======== Records ========
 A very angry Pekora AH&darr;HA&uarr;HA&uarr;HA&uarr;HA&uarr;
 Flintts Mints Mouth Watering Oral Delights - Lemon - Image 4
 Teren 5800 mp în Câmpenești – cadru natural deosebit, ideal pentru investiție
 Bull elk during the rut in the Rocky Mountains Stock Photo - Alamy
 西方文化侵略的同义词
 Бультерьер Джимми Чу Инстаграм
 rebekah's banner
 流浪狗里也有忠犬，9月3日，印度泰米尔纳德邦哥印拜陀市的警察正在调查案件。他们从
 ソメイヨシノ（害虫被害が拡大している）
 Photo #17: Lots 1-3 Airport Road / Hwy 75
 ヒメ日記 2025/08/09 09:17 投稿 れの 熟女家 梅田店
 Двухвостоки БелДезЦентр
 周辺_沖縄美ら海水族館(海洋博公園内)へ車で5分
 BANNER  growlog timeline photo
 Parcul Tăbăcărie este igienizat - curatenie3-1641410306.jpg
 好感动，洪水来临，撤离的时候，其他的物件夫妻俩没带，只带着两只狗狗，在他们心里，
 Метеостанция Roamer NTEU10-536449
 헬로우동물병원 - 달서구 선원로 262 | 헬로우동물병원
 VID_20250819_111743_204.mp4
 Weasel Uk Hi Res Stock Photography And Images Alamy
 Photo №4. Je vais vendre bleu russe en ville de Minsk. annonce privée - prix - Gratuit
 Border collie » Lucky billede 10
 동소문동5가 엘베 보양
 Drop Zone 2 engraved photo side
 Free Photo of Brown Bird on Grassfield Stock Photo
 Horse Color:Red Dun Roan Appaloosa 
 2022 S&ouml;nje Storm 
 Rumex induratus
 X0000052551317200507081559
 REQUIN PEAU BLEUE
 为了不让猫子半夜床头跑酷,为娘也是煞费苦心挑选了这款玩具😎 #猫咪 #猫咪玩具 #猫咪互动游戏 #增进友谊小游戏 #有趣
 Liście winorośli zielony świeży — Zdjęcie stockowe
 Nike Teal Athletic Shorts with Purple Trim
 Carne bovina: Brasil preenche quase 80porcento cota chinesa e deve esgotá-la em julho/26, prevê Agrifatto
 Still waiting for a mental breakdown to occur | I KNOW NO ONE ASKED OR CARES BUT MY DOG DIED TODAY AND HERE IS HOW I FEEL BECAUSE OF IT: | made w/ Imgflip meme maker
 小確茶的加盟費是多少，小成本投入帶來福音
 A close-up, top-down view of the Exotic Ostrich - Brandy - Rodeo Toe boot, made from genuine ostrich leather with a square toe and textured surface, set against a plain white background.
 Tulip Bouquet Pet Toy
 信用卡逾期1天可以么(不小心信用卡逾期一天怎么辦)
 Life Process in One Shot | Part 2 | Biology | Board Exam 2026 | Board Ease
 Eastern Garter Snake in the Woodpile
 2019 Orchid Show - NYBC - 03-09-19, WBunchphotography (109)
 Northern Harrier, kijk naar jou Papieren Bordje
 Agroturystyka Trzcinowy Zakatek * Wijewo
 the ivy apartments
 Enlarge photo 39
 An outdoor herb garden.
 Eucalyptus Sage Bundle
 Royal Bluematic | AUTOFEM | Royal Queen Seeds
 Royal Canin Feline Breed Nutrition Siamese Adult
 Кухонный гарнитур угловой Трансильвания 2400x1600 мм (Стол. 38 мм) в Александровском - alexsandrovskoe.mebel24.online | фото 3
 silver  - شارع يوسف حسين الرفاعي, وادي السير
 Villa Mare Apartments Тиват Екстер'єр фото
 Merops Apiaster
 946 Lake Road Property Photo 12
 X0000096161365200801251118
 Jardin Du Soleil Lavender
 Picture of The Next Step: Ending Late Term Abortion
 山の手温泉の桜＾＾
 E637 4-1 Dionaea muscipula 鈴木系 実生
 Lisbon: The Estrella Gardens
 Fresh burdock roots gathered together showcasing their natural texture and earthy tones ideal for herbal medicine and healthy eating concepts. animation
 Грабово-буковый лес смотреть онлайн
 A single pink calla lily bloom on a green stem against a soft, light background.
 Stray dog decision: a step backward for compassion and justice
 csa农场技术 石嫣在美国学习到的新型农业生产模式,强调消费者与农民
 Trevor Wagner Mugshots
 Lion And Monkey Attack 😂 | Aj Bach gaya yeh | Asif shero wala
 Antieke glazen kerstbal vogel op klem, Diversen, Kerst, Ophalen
========
[Required action] Repeat only the stretch of lines that opens with the line containing "A single pink" and closes with the final line of the entries, both included, exactly as written.

[Answer to this task]
 A single pink calla lily bloom on a green stem against a soft, light background.
 Stray dog decision: a step backward for compassion and justice
 csa农场技术 石嫣在美国学习到的新型农业生产模式,强调消费者与农民
 Trevor Wagner Mugshots
 Lion And Monkey Attack 😂 | Aj Bach gaya yeh | Asif shero wala
 Antieke glazen kerstbal vogel op klem, Diversen, Kerst, Ophalen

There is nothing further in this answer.